In reality, there can be no saving without a corresponding rise in borrowing elsewhere. The sum of financial assets is zero: one person’s thrift implies another person’s debt.
So the public debt can’t be erased, nor the government move into surplus, without some other sector of the economy moving (in this case further) into deficit. But the political parties are silent on whose assets should be run down to compensate for the reduction in state debt.
As a simple matter of accounting, the government’s financial balance (receipts minus expenditures) and that of the private sector (firms and households) will sum to equal the foreign sector (current account) balance.
Firms’ net savings + household net savings + government surplus = trade surplus + net overseas income
In a country running an overseas deficit (as Australia does), the firm sector, households and/or the government are net borrowers.
From roughly the early 1990s, the Australian economy settled on a new model of growth, involving a sharp polarization of income with high, debt-financed consumer expenditure. Banks channelled profits from overseas into the household sector, i.e. consumer credit and mortgages.
There are two surplus sectors in the above figure: finance and overseas.

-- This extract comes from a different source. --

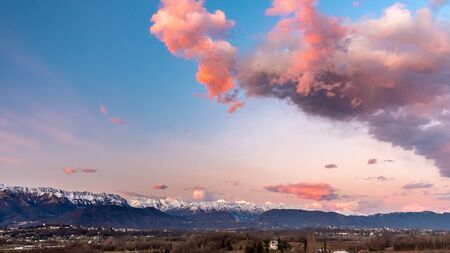 The sun goes behind the clouds over the countryside of Udine,  Friuli-Venezia Giulia, Italyの写真素材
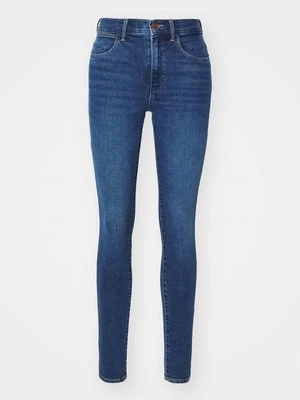 Jeansy Skinny Fit Wrangler ciemnoniebieski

The public debt is thus nothing more than a liability to the (domestic and overseas) rentier class, for whom it is correspondingly a financial asset. Do the political parties propose to diminish these assets, say through heavy taxes, inflation, a debt jubilee, or running a trade surplus?
No: the first three policy options are strictly forbidden; while a rundown of Australia’s capital stock and productive capacity since the 1980s makes a trade surplus unlikely.
A closer glance at the private-sector accounts suggests how the planned reduction in state borrowing is supposed to be made up.
As we can see, company borrowing is still quite high, but it is being used to pay down debt and reduce the stock of equities outstanding. So the likelihood of firms being able or willing to acquire masses of new debt to fund investment seems small.
If the private sector as a whole is to save less (to compensate for the government’s saving more), this can only occur by deepening household indebtedness.
Cutting public-sector wages or firing government employees (Gillard’s ‘hard choices’ and ‘unpopular cutbacks’, Abbott’s ‘trim’) will help shift the deficit from the state to the household sector.
But this is no solution. Unemployed workers will be forced either into debt, or to run down any financial holdings. The resulting fall in consumption will pass the deficit on to the next sector: firms, which will react by cutting wages and laying off employees. The subsequent fall in tax revenues and rise in unemployment claims will return the mess to the government. Post-2007 events in the Atlantic economies show that growth in consumer credit, and the indebtedness of the lower classes, have limits to their extension. As the level of household debt rises, so does the incidence of default, and the unsustainable process soon comes to a halt.
So, as they’re fond of repeating, Australian state managers face the same problem as their North American and European counterparts.
And, on a national level, solutions of a sort do exist: public debt can be reduced by currency devaluation and export surplus, unlikely as these seem here. But for the whole world this is by definition impossible. The underlying issue – the flipside to public debt – is growth in the financial assets of the international rentier class, and an excess of savings beyond the needs of industry and state.
As shown previously, this problem is likely to proceed in lockstep with the maturation of capitalist economies.